Comment: Because of its size, Texas wields a disproportionately large influence over school curricula. The Texas Board of Education’s decision to delete textbook references to Thomas Jefferson in favor of mention of Thomas Aquinas and Jean Calvin will affect far more than the unfortunate pupils of “Baja Oklahoma!”
After three days of turbulent meetings, the Texas Board of Education on Friday approved a social studies curriculum that will put a conservative stamp on history and economics textbooks [2], stressing the superiority of American capitalism, questioning the Founding Fathers’ commitment to a purely secular government and presenting Republican political philosophies in a more positive light. The vote was 10 to 5 along party lines, with all the Republicans on the board voting for it.

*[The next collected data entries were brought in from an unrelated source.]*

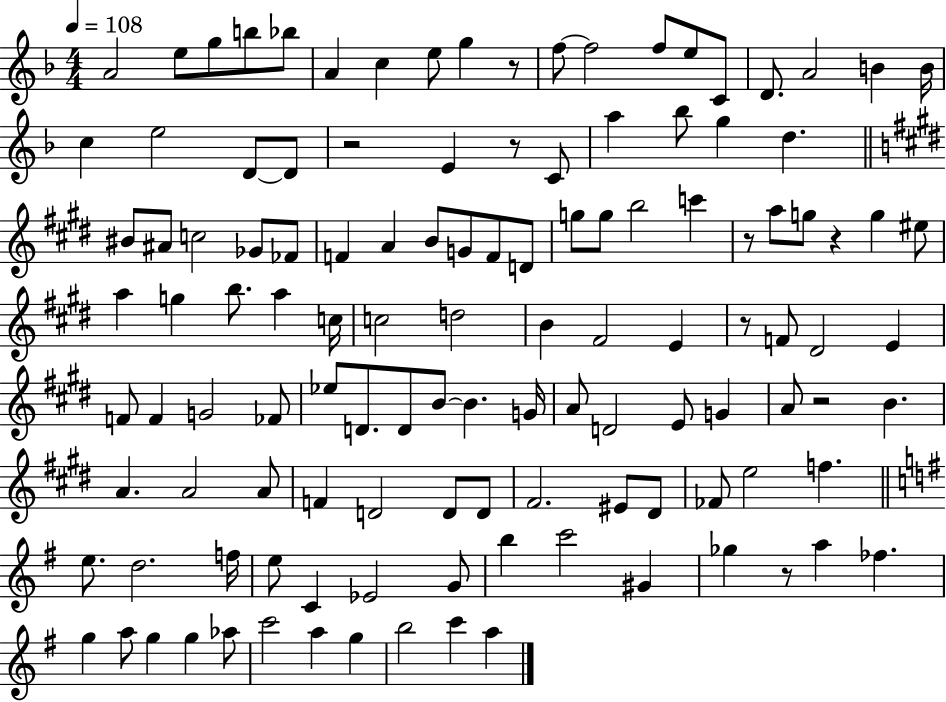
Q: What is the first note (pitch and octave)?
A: A4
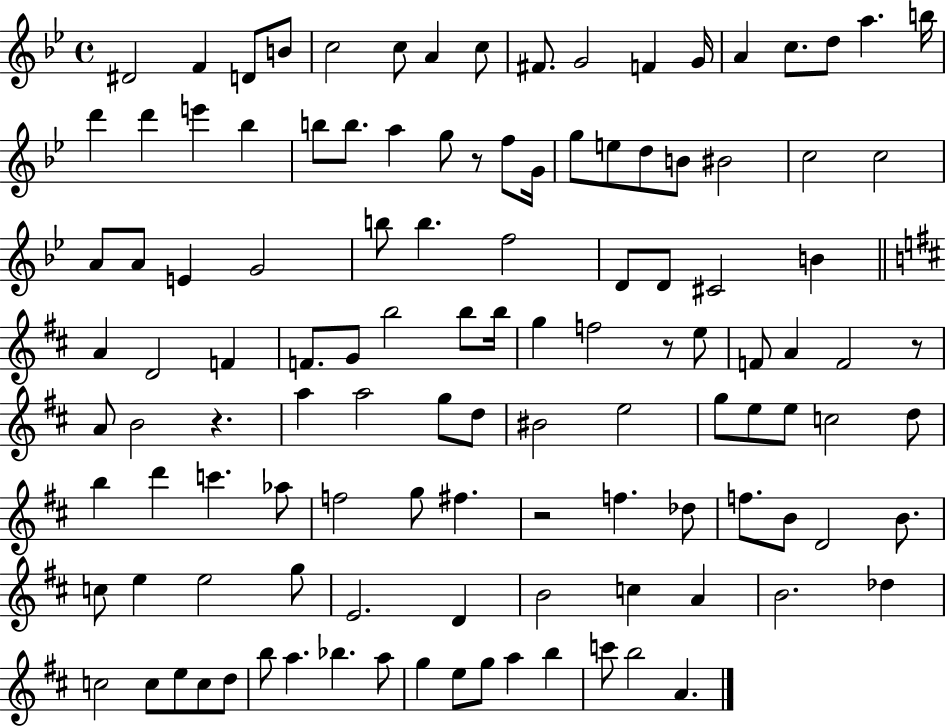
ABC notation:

X:1
T:Untitled
M:4/4
L:1/4
K:Bb
^D2 F D/2 B/2 c2 c/2 A c/2 ^F/2 G2 F G/4 A c/2 d/2 a b/4 d' d' e' _b b/2 b/2 a g/2 z/2 f/2 G/4 g/2 e/2 d/2 B/2 ^B2 c2 c2 A/2 A/2 E G2 b/2 b f2 D/2 D/2 ^C2 B A D2 F F/2 G/2 b2 b/2 b/4 g f2 z/2 e/2 F/2 A F2 z/2 A/2 B2 z a a2 g/2 d/2 ^B2 e2 g/2 e/2 e/2 c2 d/2 b d' c' _a/2 f2 g/2 ^f z2 f _d/2 f/2 B/2 D2 B/2 c/2 e e2 g/2 E2 D B2 c A B2 _d c2 c/2 e/2 c/2 d/2 b/2 a _b a/2 g e/2 g/2 a b c'/2 b2 A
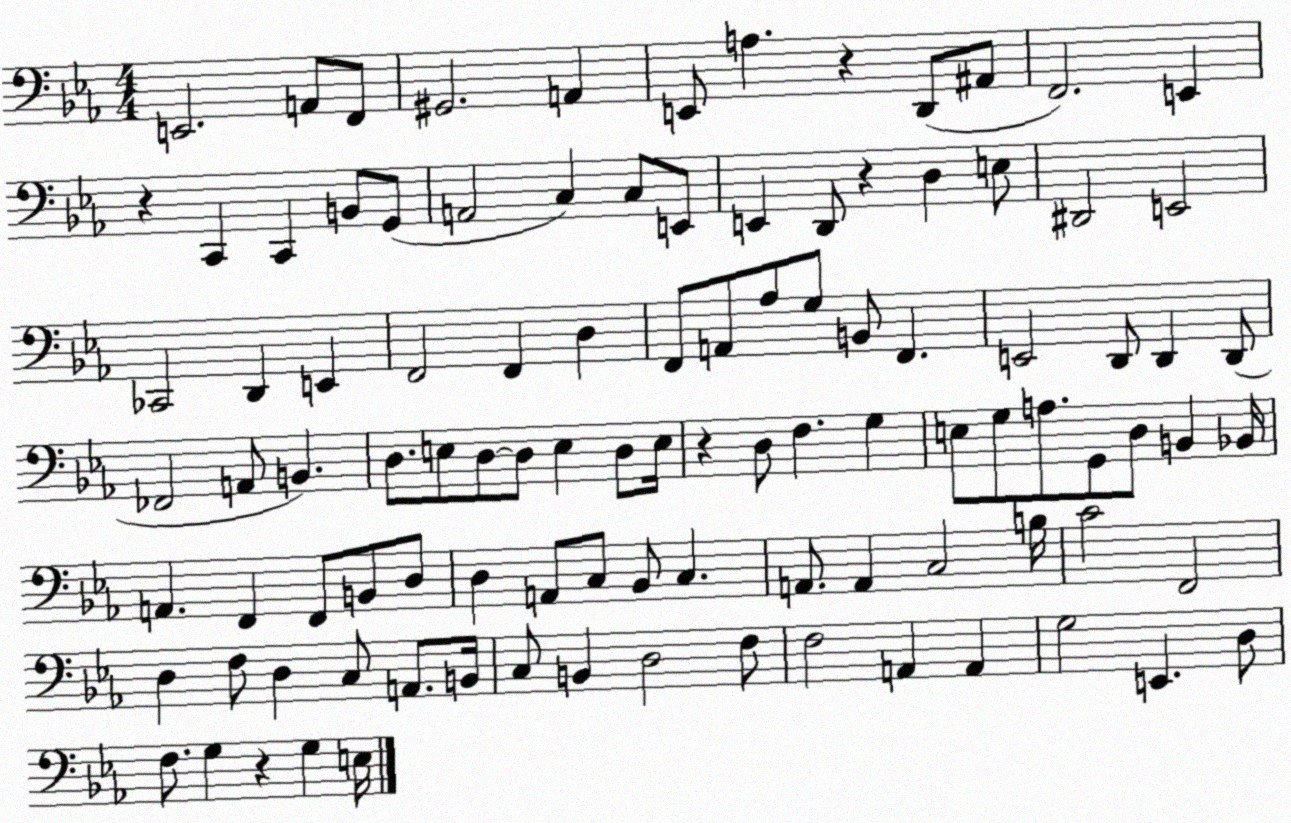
X:1
T:Untitled
M:4/4
L:1/4
K:Eb
E,,2 A,,/2 F,,/2 ^G,,2 A,, E,,/2 A, z D,,/2 ^A,,/2 F,,2 E,, z C,, C,, B,,/2 G,,/2 A,,2 C, C,/2 E,,/2 E,, D,,/2 z D, E,/2 ^D,,2 E,,2 _C,,2 D,, E,, F,,2 F,, D, F,,/2 A,,/2 _A,/2 G,/2 B,,/2 F,, E,,2 D,,/2 D,, D,,/2 _F,,2 A,,/2 B,, D,/2 E,/2 D,/2 D,/2 E, D,/2 E,/4 z D,/2 F, G, E,/2 G,/2 A,/2 G,,/2 D,/2 B,, _B,,/4 A,, F,, F,,/2 B,,/2 D,/2 D, A,,/2 C,/2 _B,,/2 C, A,,/2 A,, C,2 B,/4 C2 F,,2 D, F,/2 D, C,/2 A,,/2 B,,/4 C,/2 B,, D,2 F,/2 F,2 A,, A,, G,2 E,, D,/2 F,/2 G, z G, E,/4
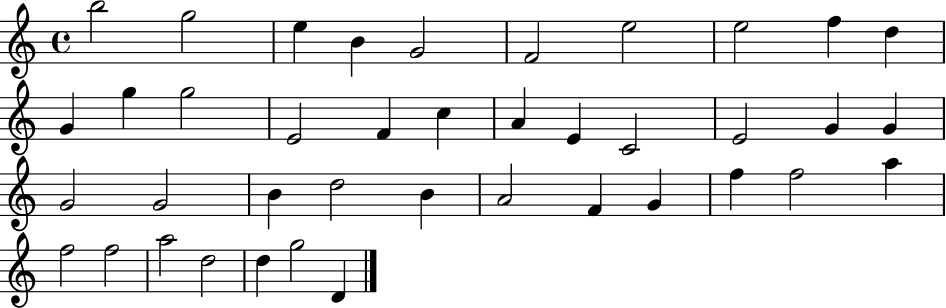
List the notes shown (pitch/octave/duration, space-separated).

B5/h G5/h E5/q B4/q G4/h F4/h E5/h E5/h F5/q D5/q G4/q G5/q G5/h E4/h F4/q C5/q A4/q E4/q C4/h E4/h G4/q G4/q G4/h G4/h B4/q D5/h B4/q A4/h F4/q G4/q F5/q F5/h A5/q F5/h F5/h A5/h D5/h D5/q G5/h D4/q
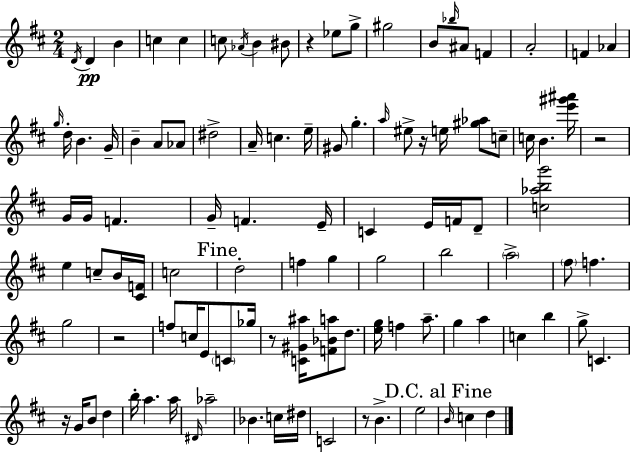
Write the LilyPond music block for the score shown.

{
  \clef treble
  \numericTimeSignature
  \time 2/4
  \key d \major
  \acciaccatura { d'16 }\pp d'4 b'4 | c''4 c''4 | c''8 \acciaccatura { aes'16 } b'4 | bis'8 r4 ees''8 | \break g''8-> gis''2 | b'8 \grace { bes''16 } ais'8 f'4 | a'2-. | f'4 aes'4 | \break \grace { g''16 } d''16-. b'4. | g'16-- b'4-- | a'8 aes'8 dis''2-> | a'16-- c''4. | \break e''16-- gis'8 g''4.-. | \grace { a''16 } eis''8-> r16 | e''16 <gis'' aes''>8 c''8-- c''16 b'4. | <e''' gis''' ais'''>16 r2 | \break g'16 g'16 f'4. | g'16-- f'4. | e'16-- c'4 | e'16 f'16 d'8-- <c'' aes'' b'' g'''>2 | \break e''4 | c''8-- b'16 <cis' f'>16 c''2 | \mark "Fine" d''2-. | f''4 | \break g''4 g''2 | b''2 | \parenthesize a''2-> | \parenthesize fis''8 f''4. | \break g''2 | r2 | f''8 c''16 | e'8 \parenthesize c'8 ges''16 r8 <c' gis' ais''>16 | \break <f' bes' a''>8 d''8. <e'' g''>16 f''4 | a''8.-- g''4 | a''4 c''4 | b''4 g''8-> c'4. | \break r16 g'16 b'8 | d''4 b''16-. a''4. | a''16 \grace { dis'16 } aes''2-- | bes'4. | \break c''16 dis''16 c'2 | r8 | b'4.-> e''2 | \mark "D.C. al Fine" \grace { b'16 } c''4 | \break d''4 \bar "|."
}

The board, whose members are elected, has influence beyond Texas because the state is one of the largest buyers of textbooks. . . .
Even the course on world history did not escape the board’s scalpel.
Cynthia Dunbar [3], a lawyer from Richmond who is a strict constitutionalist and thinks the nation was founded on Christian beliefs, managed to cut Thomas Jefferson [4] from a list of figures whose writings inspired revolutions in the late 18th century and 19th century, replacing him with St. Thomas Aquinas, John Calvin and William Blackstone. (Jefferson is not well liked among conservatives on the board because he coined the term “separation between church and state.”)
“The Enlightenment was not the only philosophy on which these revolutions were based,” Ms. Dunbar said.